H&M tests voice-activated mirrors at NYC flagship
H&M has recently set up "Voice Interactive Mirrors" at its New York City flagship store in Times Square that "wake up" through facial recognition when someone looks at it long enough. The mirror also offers selfies, style advice and discounts via QR codes, according to a YouTube video from the Swedish fast-fashion retailer.
The mirrors, installed on the store floor and not in fitting rooms, were created by Microsoft and Stockholm-based agencies Ombori, a UX design firm, and Visual Art, a digital signage firm, according to Forbes.
H&M is also employing big data and artificial intelligence to customize the merchandising mix of individual stores, in an effort to reduce the massive inventory pile-up that forced markdowns and plagued its first-quarter profits.
This smooth-talking tech-enabled mirror works pretty well, as an H&M employee and several customers demonstrate in the video, and it sweetens the pot with a 20% off coupon. The tech works especially well for iPhone users, who only have to launch their camera to access the QR code, which delivers the discount or a high-resolution selfie designed to resemble a fashion magazine cover.
There is an emerging demand for digital shopping assistants like this that will help with purchase decisions based on style choice and price, and shoppers increasingly also expect them to handle more mundane tasks like returns and refunds, according to a recent study by Ericsson Consumer and IndustryLab.
But there are expectations around privacy, too. Respondents to Ericsson's survey expressed concerns about how their personal information is used. For now, H&M's mirrors are in stores, not on shoppers' phones, where consumers expect to increasingly find them in the future. Consumers expect AR/VR-technology to bring the benefits of physical stores to their devices, with more than half saying that they'll get more home deliveries of their purchases as a result, Ericsson found.

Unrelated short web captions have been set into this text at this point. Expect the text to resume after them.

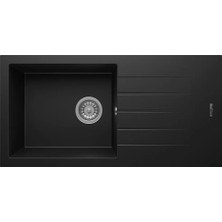 Real Stone P011 Assos 86X43.5 cm Siyah Granit Eviye Tezgah Üstü Yüksek Kalite ve Kullanım Kolaylığı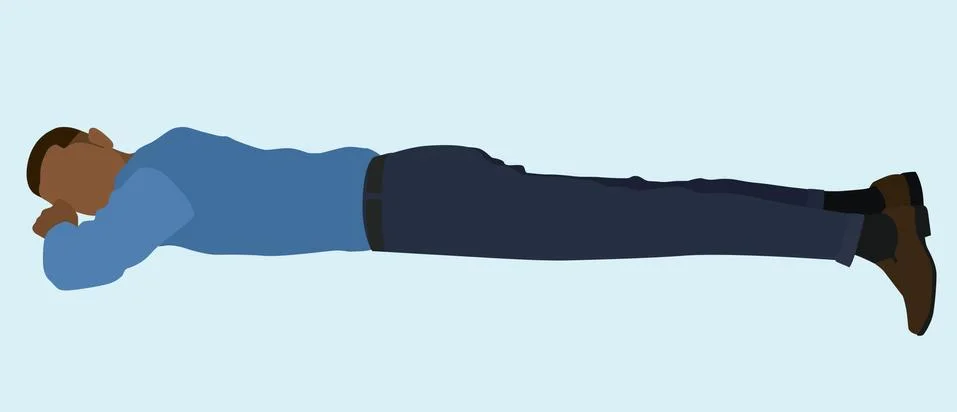 Businessman Sleeping on Stomach Stock Illustration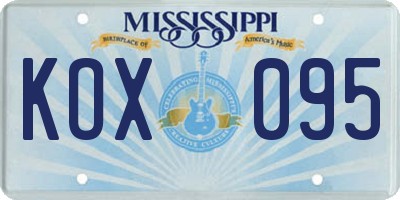 MS license plate KOX095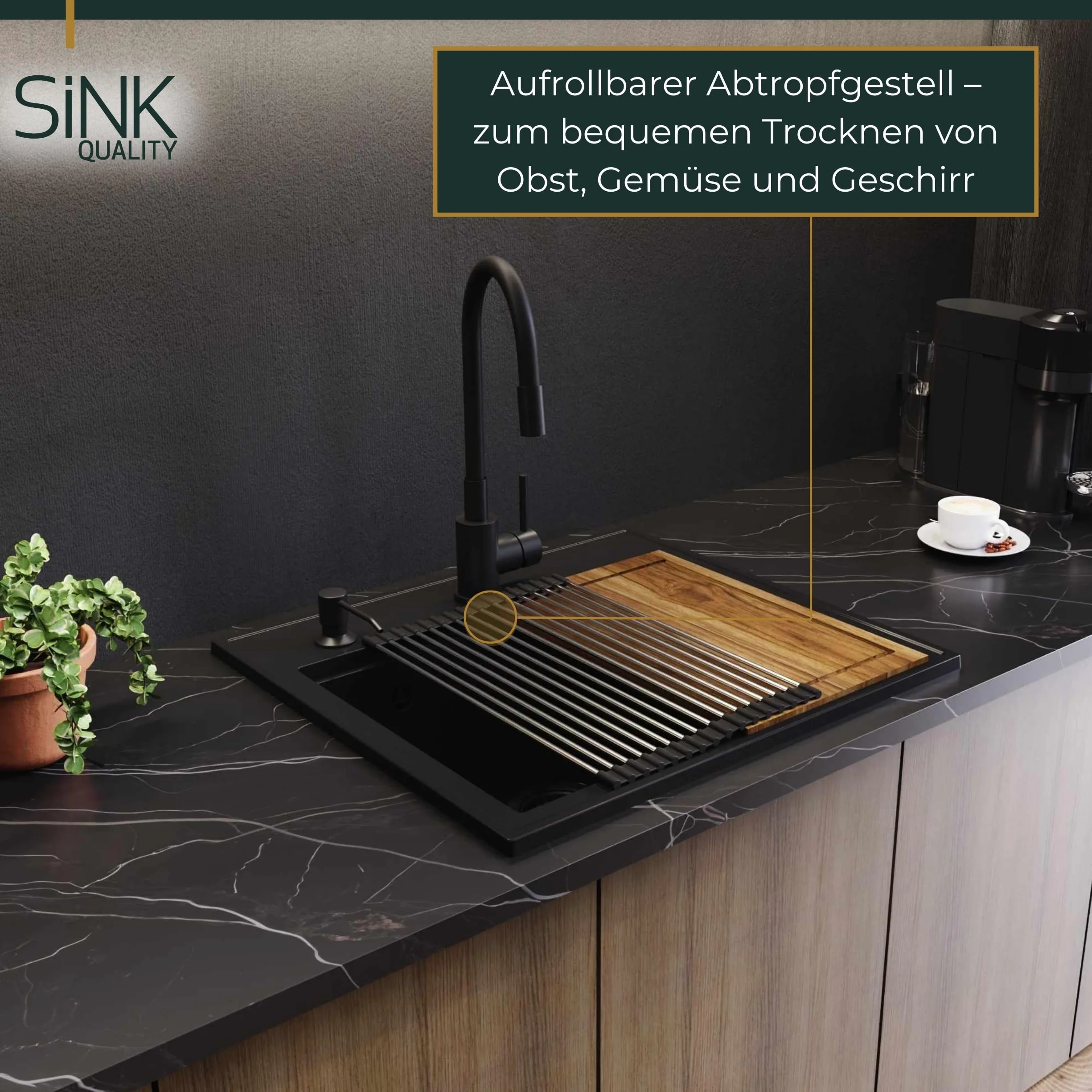 SINK Quality zlewozmywak czarny granit 56 x 51 cm – nowoczesny zlewozmywak kuchenny z deską do krojenia, syfonem Pop Up, ociekacz, środek impregnujący – zlewozmywak do zabudowy do szafki pod umywalkę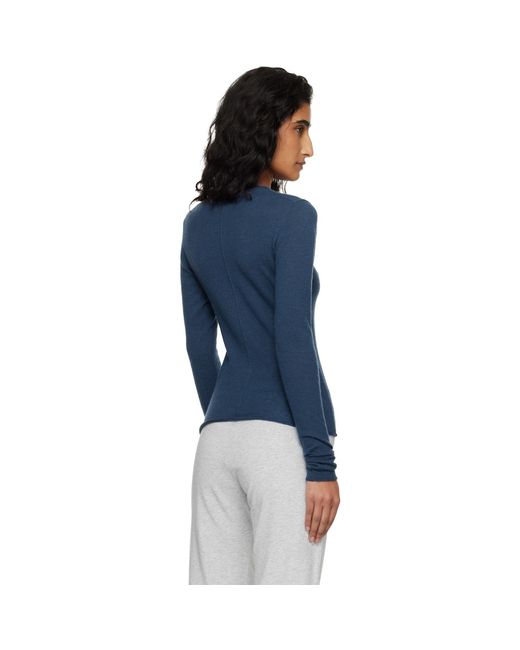 Skims Blue Featherweight Cashmere Long Sleeve Top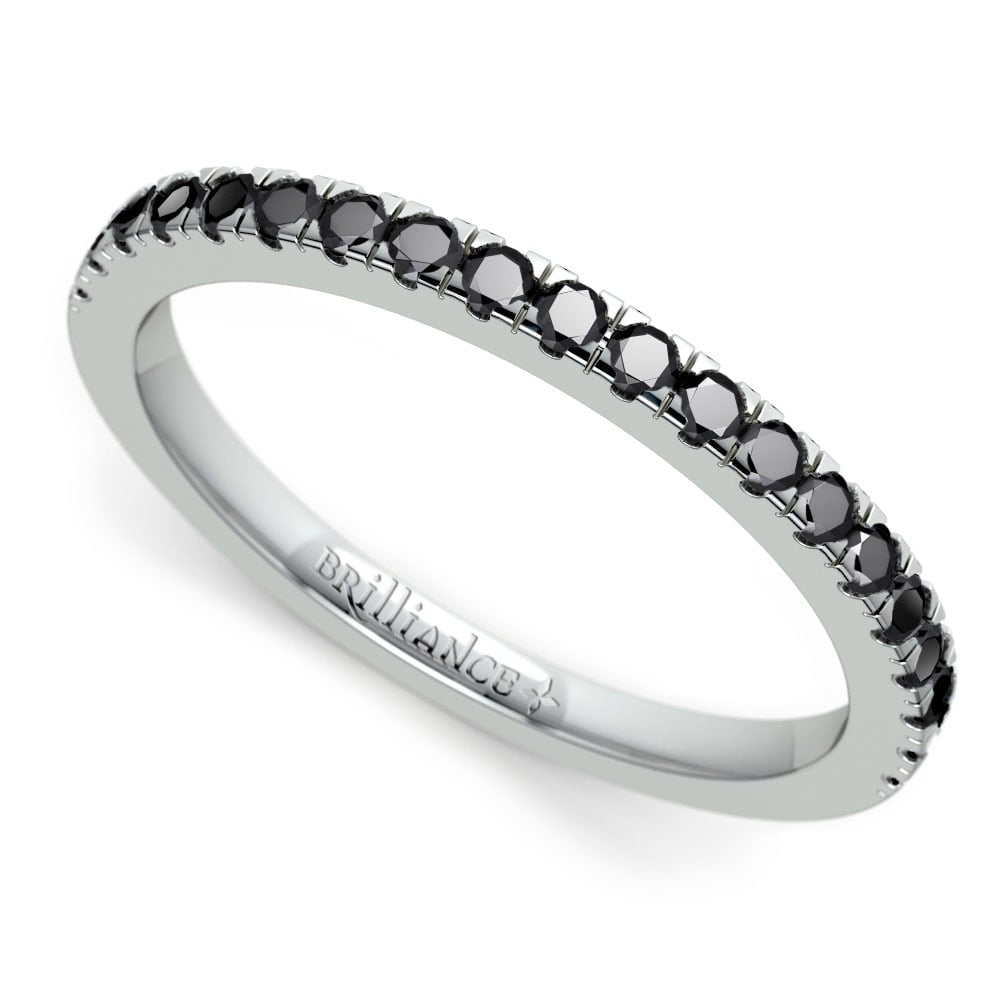 Petite Pave Ring With Black Diamonds In White Gold (1/4 Ctw) | 01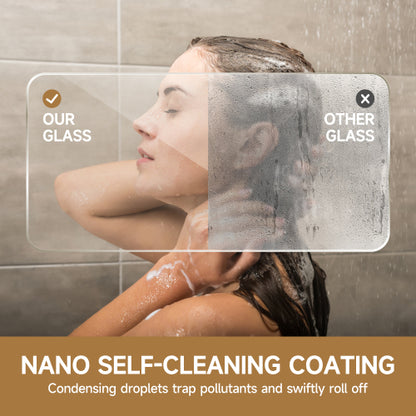 56"-60" W x 72" H Chrome Aluminum Frame Double Sliding Shower Door with 1/4" (6mm) Nano-Coated Clear Tempered Glass and Dual Stainless Steel Handles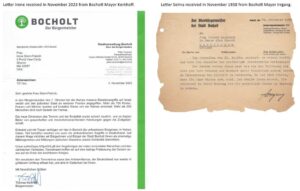 Letters from two Bocholt Mayors 85 years and three generations distanced.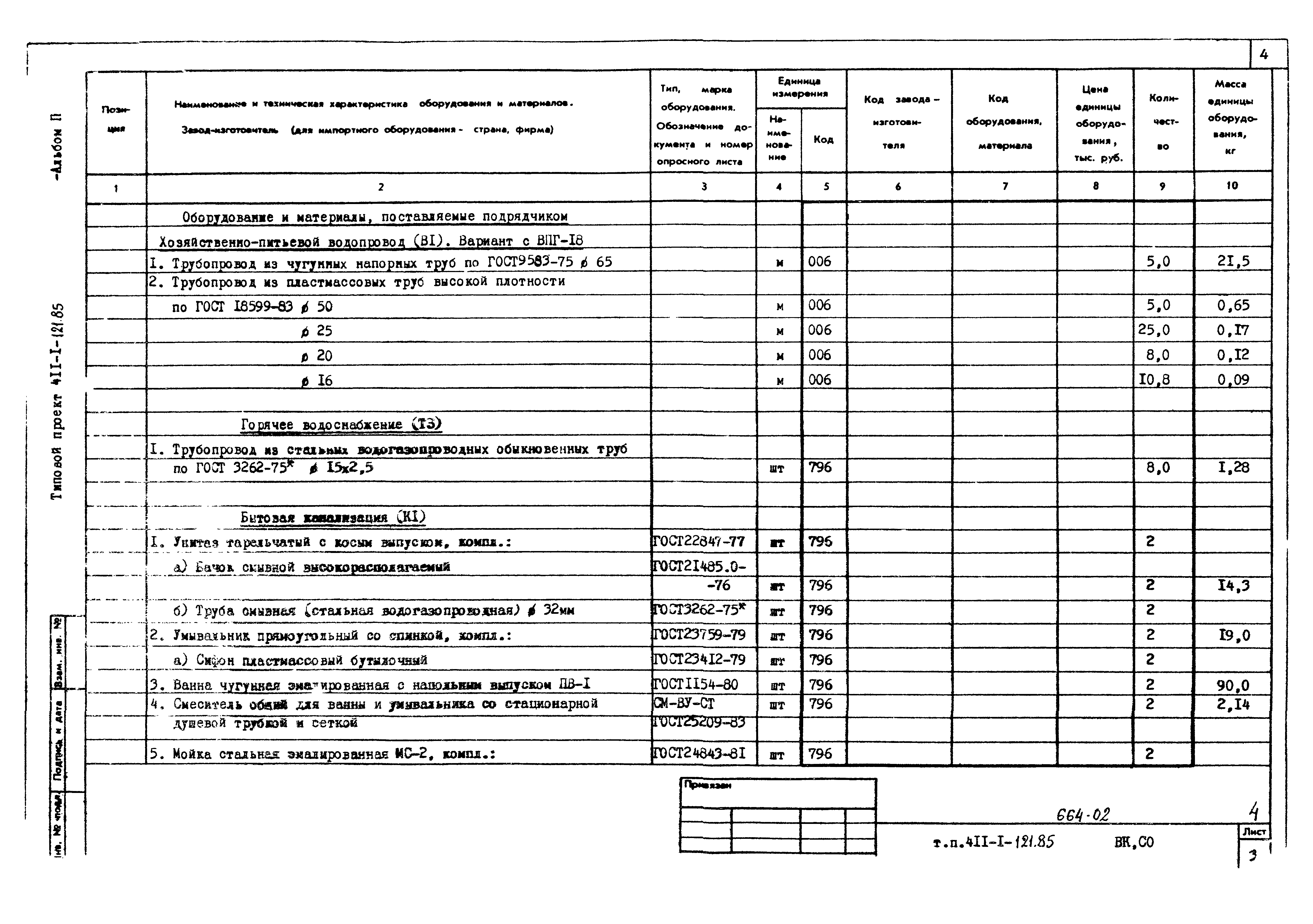 Типовой проект 411-1-121.85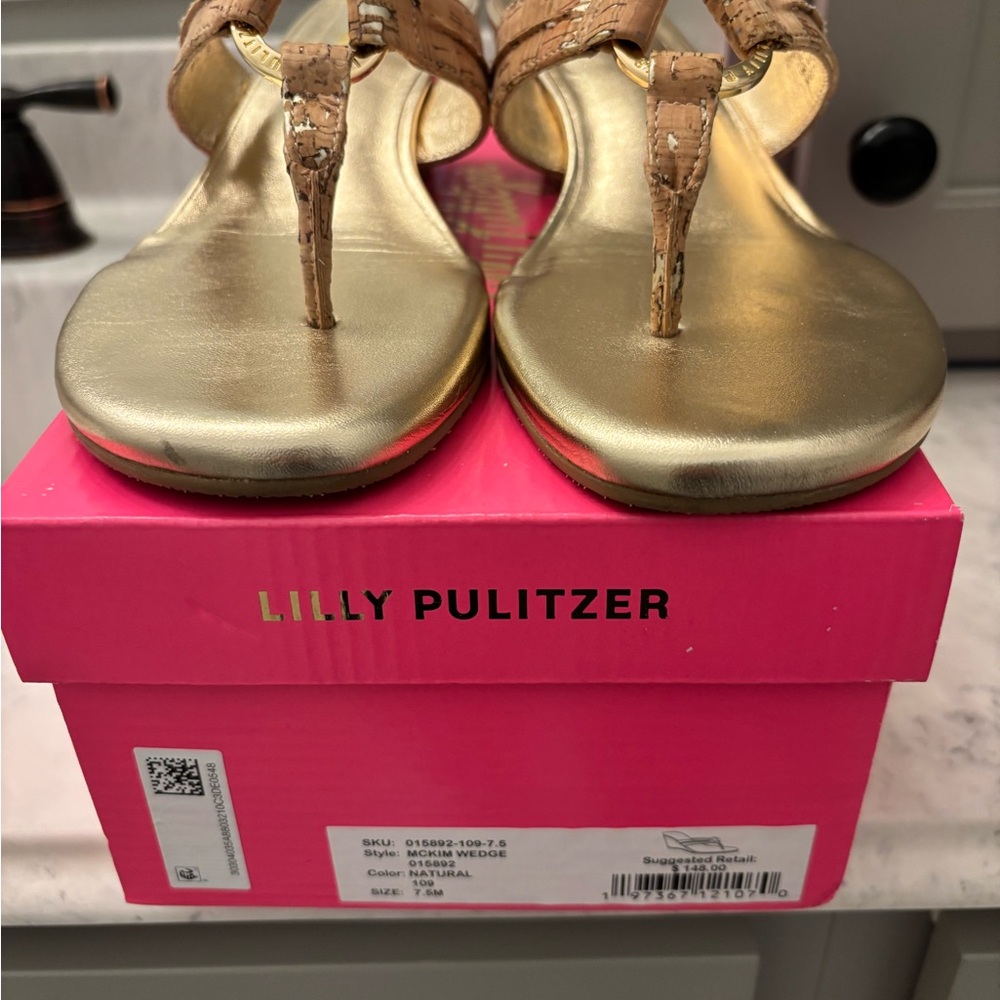 Lilly Pulitzer Gold Wedge Sandals Size 7.5M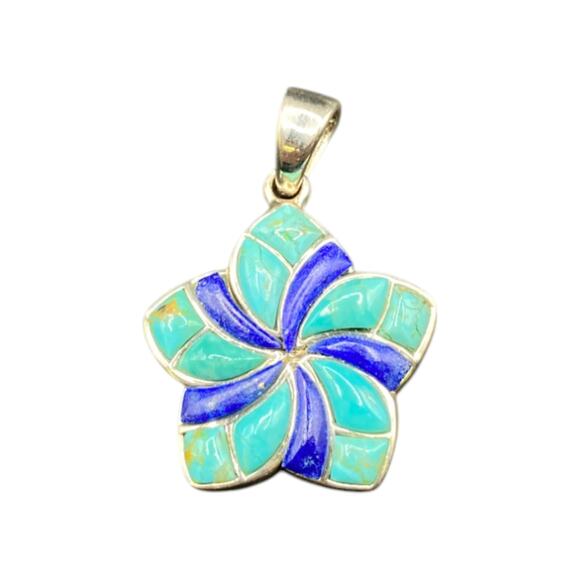 Turquoise Lapiz Lazuli Star Pendant Sterling Silver Blue Semi Precious Stone NK - Picture 4 of 11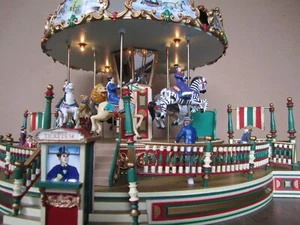 Vintage Mr. Christmas Holiday Around The Carousel Musical - Picture 1 of 17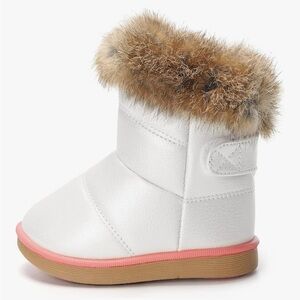 White Faux Fur-Trim Winter Toddler Boot with Pink Trim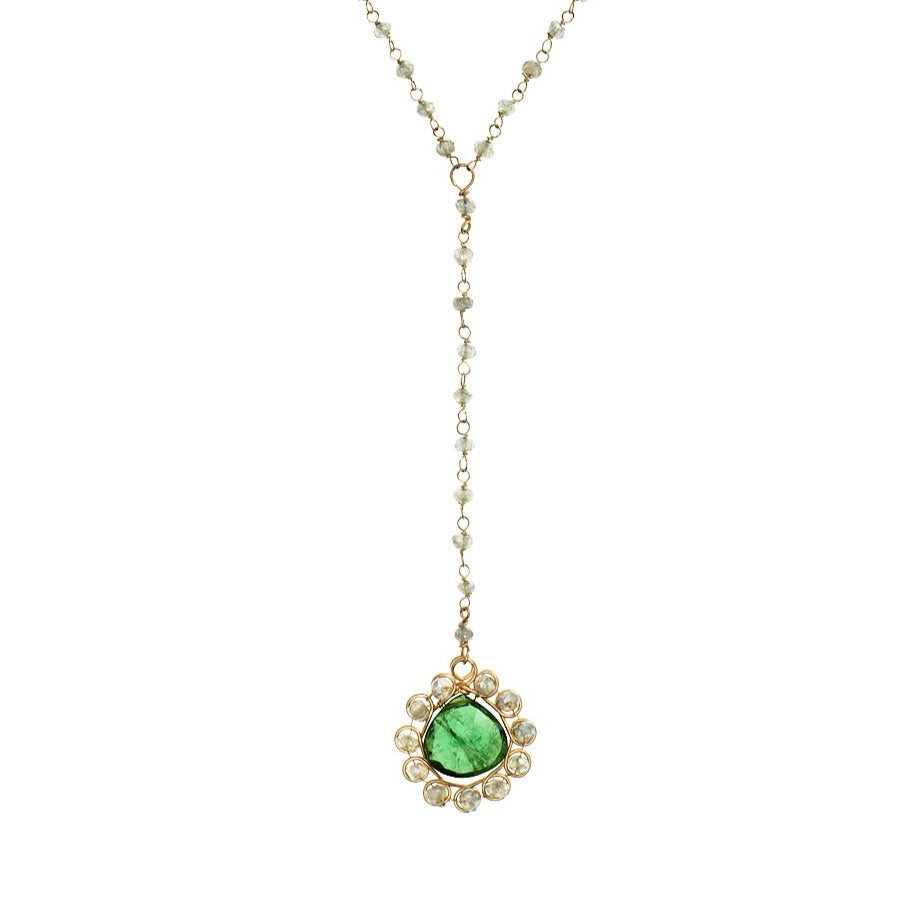 Labradorite Beads with Green Tourmaline Necklace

For now it's mostly fun and a way to draw shoppers into the store, something that H&M is keen on. Despite a go-slow approach to its online operations, H&M's e-commerce sales rose by approximately 20%. But overall sales in the company's top ten markets in the quarter fell 1%, and H&M U.S. sales fell 11% (or 1% in local currency). Total sales for the company's new brands rose by 15%, which has led the fast-fashion retailer to double down on new brand introductions. But analysts worry that it's neglecting its far larger flagship.